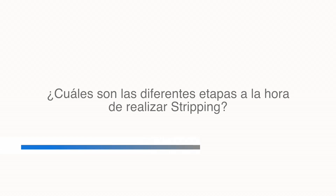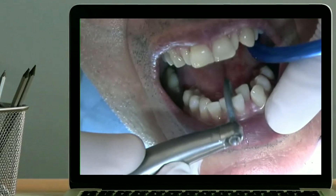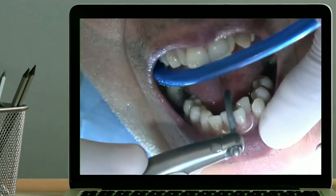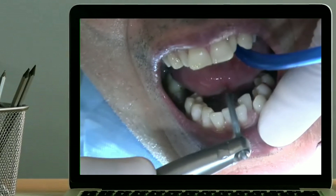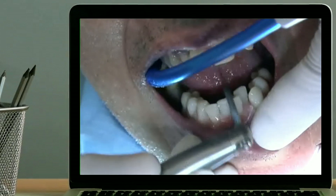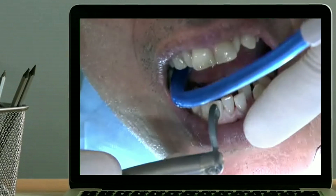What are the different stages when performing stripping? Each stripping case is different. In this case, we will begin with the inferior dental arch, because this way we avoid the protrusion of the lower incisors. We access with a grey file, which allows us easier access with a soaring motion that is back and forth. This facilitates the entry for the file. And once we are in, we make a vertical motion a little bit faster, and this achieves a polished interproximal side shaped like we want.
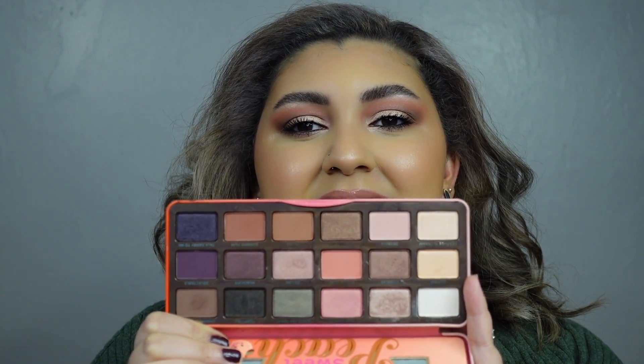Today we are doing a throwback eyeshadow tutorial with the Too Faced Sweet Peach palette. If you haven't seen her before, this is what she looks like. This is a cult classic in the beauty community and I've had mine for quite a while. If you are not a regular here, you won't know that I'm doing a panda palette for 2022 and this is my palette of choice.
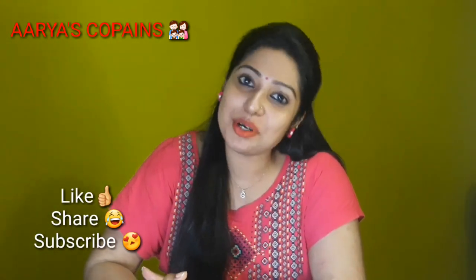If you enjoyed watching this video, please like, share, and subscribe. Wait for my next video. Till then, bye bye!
▬▬▬▬▬▬▬▬▬▬
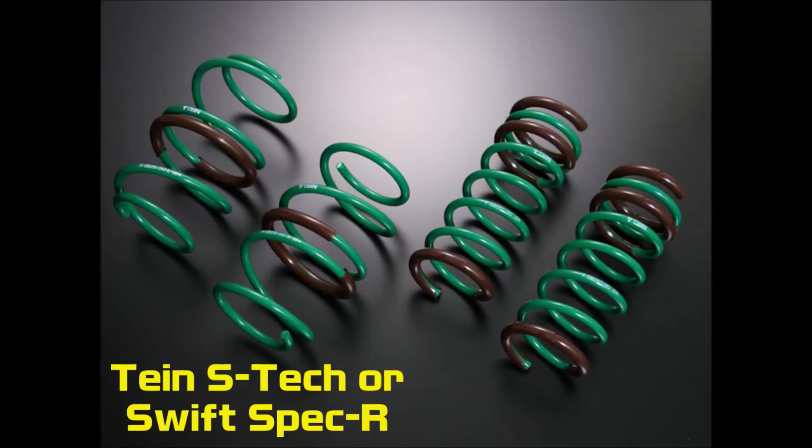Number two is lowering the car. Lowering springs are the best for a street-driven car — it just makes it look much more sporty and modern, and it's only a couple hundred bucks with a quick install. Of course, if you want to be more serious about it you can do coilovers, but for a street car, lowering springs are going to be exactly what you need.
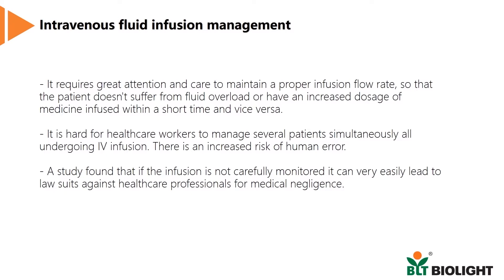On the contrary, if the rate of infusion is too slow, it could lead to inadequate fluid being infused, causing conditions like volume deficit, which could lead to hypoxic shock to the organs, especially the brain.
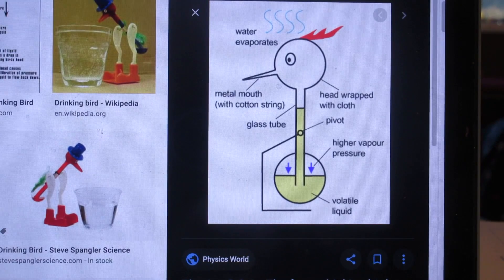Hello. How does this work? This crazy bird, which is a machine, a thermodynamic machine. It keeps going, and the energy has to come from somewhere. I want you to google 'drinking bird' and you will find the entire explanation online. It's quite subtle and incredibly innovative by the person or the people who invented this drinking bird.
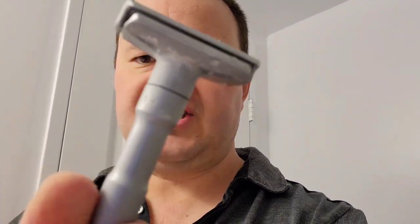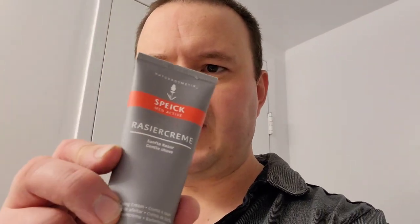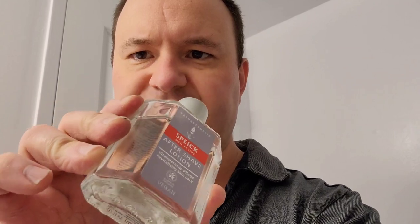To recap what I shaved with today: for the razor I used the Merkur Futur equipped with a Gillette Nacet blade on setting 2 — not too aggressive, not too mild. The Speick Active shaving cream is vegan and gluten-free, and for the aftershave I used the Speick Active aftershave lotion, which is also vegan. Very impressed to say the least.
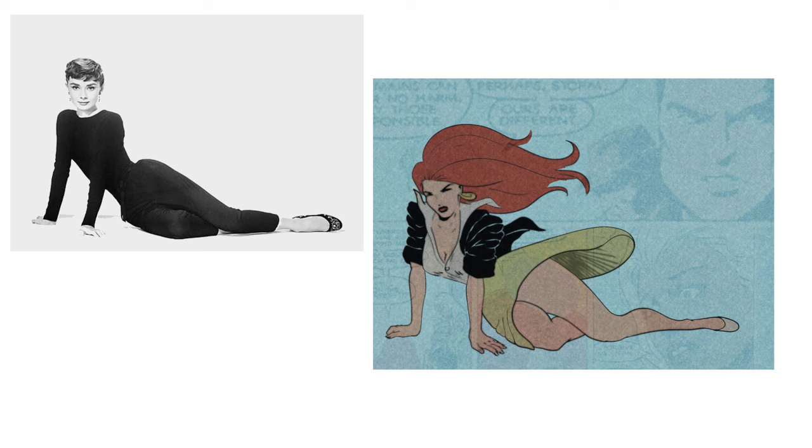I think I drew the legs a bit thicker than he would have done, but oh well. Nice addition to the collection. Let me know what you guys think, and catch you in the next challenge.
▬▬▬▬▬▬▬▬▬▬
TASK BRIEF = Give the lines above again exactly, from the one containing "What are the" to the one containing "If you enjoyed", both included, but leave out the pictures.

RESULT OF THIS TASK =
What are the different stages when performing stripping? Each stripping case is different. In this case, we will begin with the inferior dental arch, because this way we avoid the protrusion of the lower incisors. We access with a grey file, which allows us easier access with a soaring motion that is back and forth. This facilitates the entry for the file. And once we are in, we make a vertical motion a little bit faster, and this achieves a polished interproximal side shaped like we want.
Today we are doing a throwback eyeshadow tutorial with the Too Faced Sweet Peach palette. If you haven't seen her before, this is what she looks like. This is a cult classic in the beauty community and I've had mine for quite a while. If you are not a regular here, you won't know that I'm doing a panda palette for 2022 and this is my palette of choice.
If you enjoyed watching this video, please like, share, and subscribe. Wait for my next video. Till then, bye bye!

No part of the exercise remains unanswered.